Yesterday I started the book for my February book club meeting, Sea of Poppies by Amitav Ghosh. I've been taking a bit of a break from book club for the past two months. It's not that I grew tired of it, it's just...well, the last two meetings went on for two and a half hours. I mean, I enjoy talking about books, but that is a long time to discuss one book. The discussion is great for about an hour and then it gets too detailed, like people are grasping for straws for something to discuss, and it's the same couple of people who just keep talking. It is possible to over-discuss a book. Anyway, I just needed a breather and now I've had one, so I'm excited for next week's meeting! The book, by the way, is "eh" so far (I'm 100 pages in). Like every book I've read for this book club, I probably won't love it but I will enjoy the discussion of it.

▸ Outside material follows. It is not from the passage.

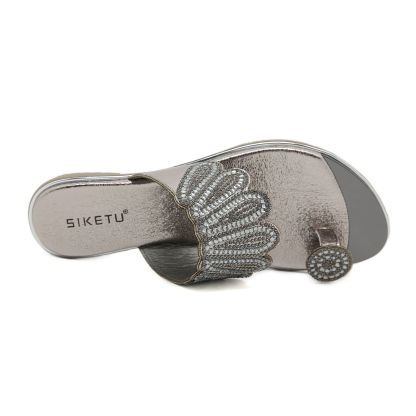 Sandals Hollow Triangle Rhinestone Sandals Soft Bottom Wedge Flat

I started Jonathan Raban's essay collection, Driving Home, last week, and it is a chunkster. I took a break from it for a bit to start my book club book, but it's a library book so I plan on finishing it in the next two weeks. (The only time I'm able to start a new book in the middle of another one like this is if it's essays or short stories!) So far, some of the essays are interesting and some are boring. I thought it would be more of a travelogue, but a lot of his essays are just analyzing other authors' works and have little to do with American travel. It's not really what I expected from the book as a whole.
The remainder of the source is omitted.